La construction d’une maison est un projet d’une grande envergure pour la majorité des Français. Il s’agit parfois même d’un projet de vie. Cependant, le constat est que chaque année, 10 à 15% des travaux de construction ou de rénovation ne se déroulent pas dans des conditions optimales. En effet, les cas de malfaçons sont fréquents et créent d’autres problèmes aux propriétaires qui doivent faire face à des litiges. Pour éviter de devoir faire face à une telle situation, il est important de redoubler de vigilance lors du lancement des travaux. Il est important de respecter certaines règles de façon scrupuleuse.

Le choix de l’artisan et le contrôle de l’assurance décennale

Pour choisir un artisan ou une auto-entreprise dans le cadre de la construction de votre maison, vous devez faire un sérieux tri parmi les nombreux spécialistes se trouvant sur le marché. La première chose à faire est d’exiger leurs attestations d’assurance.

Les deux attestations principales à vérifier sont la responsabilité civile professionnelle et l’assurance décennale. C’est cette dernière qui engage la responsabilité des professionnels contre d’éventuelles malfaçons pendant 10 ans après la livraison du chantier.

Le rôle de cette garantie obligatoire pour le constructeur est de lui permettre de supporter les coûts des réparations de toute malfaçon observée durant les 10 premières années après achèvement des travaux. Sur des sites spécialisés tels que https://www.mon-assurance-decennale.fr, les artisans peuvent demander un devis directement sur la plateforme et obtenir une assurance à un tarif avantageux.

S’assurer que le professionnel à qui vous confiez votre chantier dispose de la garantie décennale est très important. En cas de malfaçon, vous pouvez exiger une réparation de votre bien par le constructeur.

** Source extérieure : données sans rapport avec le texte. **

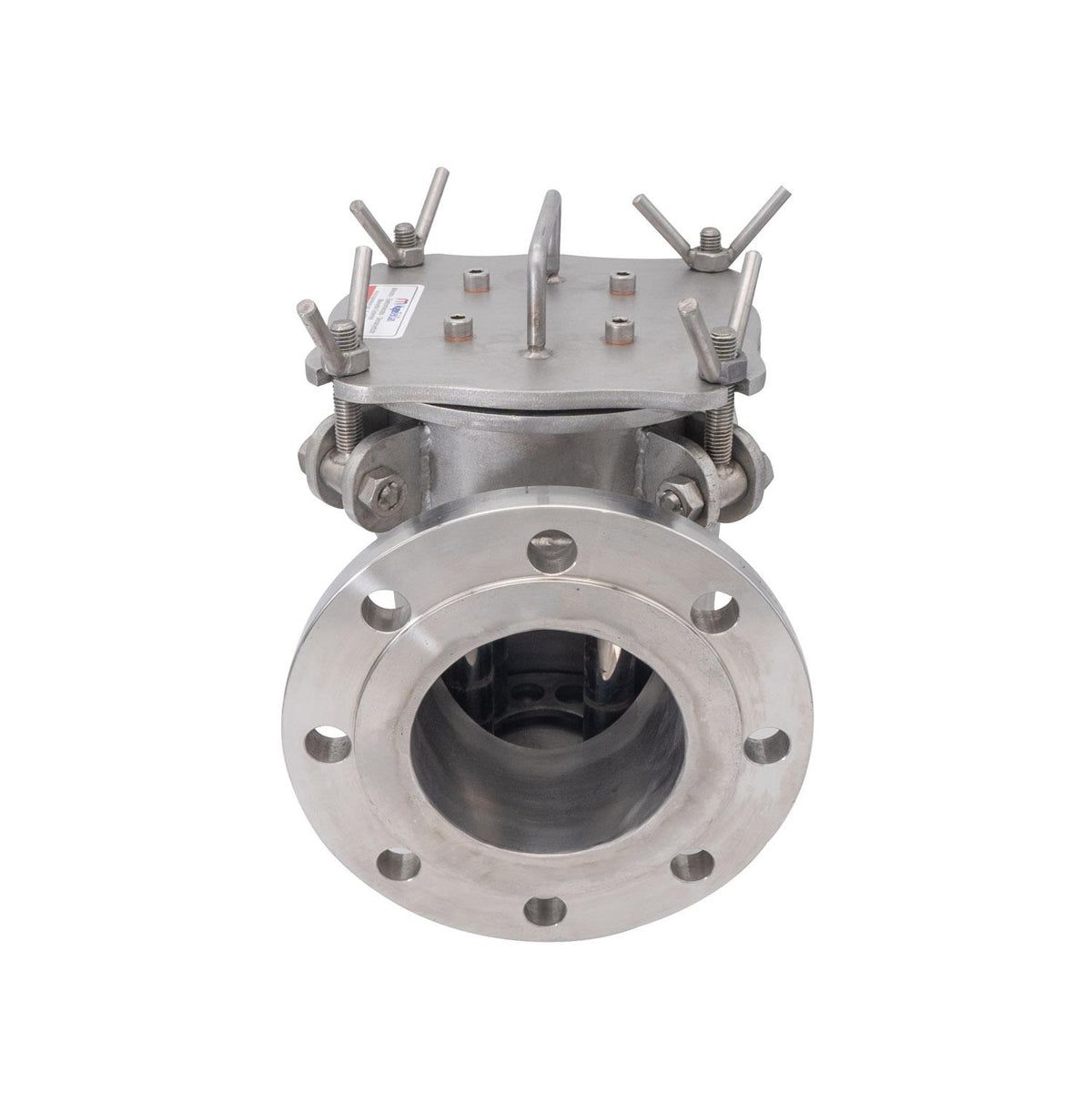 DN100 Magnetic Filter - N35SH Magnetized, High Temperature Resistant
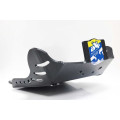 AXP Skid Plate Black Husqvarna TC125 14-15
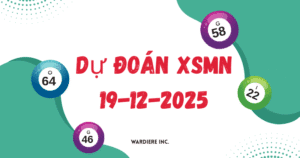 dự đoán xsmn 19/12/2025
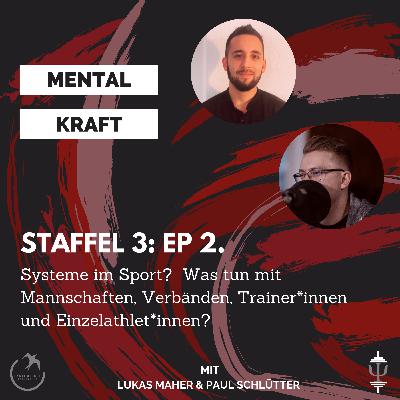 Sportpsychologie: Systeme im Sport - Wie bewege ich mich sicher in verschiedenen Kontexten?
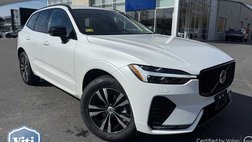 2025 Volvo XC60 B5 Core Dark Theme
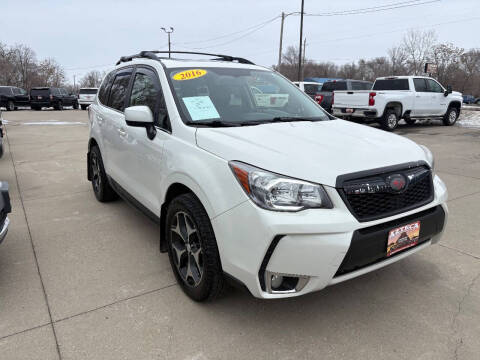 2016 Subaru Forester 2.0XT Premium
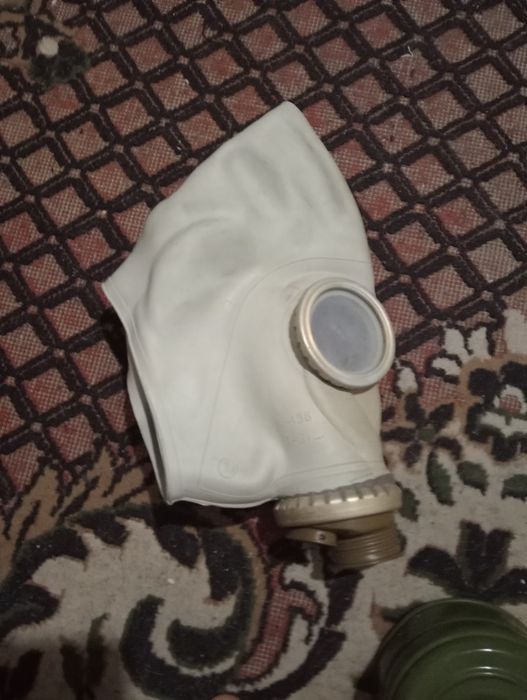 Протигаз з 1972 року ціна 500 грн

Pour rappel, la malfaçon est une anomalie survenue dans le cadre de l’exécution du projet de construction. Le constructeur est responsable de ces défauts et est obligé de les réparer. Pour faire face aux malfaçons après les travaux, vous devez respecter plusieurs étapes. Vous devez émettre des réserves à la réception, demander des réparations au constructeur, puis saisir les tribunaux en cas d’absence de réponse de la part de l’artisan.

Souscrivez à une assurance dommages-ouvrage

Bien que le constructeur soit responsable en cas de malfaçons, il est également important que le particulier souscrive à une assurance dommages-ouvrage. En cas de litiges, vous risquez de faire face à de longues procédures judiciaires, puisque les assurances décennales des principaux acteurs ayant travaillé sur votre chantier se jetteront la faute mutuellement. Avec la souscription à une assurance dommages-ouvrage, vous pourrez être indemnisé des préjudices liés aux éventuelles malfaçons, sans rechercher la responsabilité des différents intervenants sur le chantier.

Restez vigilant lors de la réception des travaux

Cette étape est très importante, car c’est à cet instant que vous acceptez l’ouvrage avec ou sans réserve. Il est essentiel de faire attention et de se munir de certains documents techniques pour s’assurer de la conformité de l’ouvrage avec les normes en vigueur, car certains défauts sont difficiles à déceler au premier coup d’œil. Vous pouvez en ce sens vous faire accompagner d’un professionnel pour le contrôle.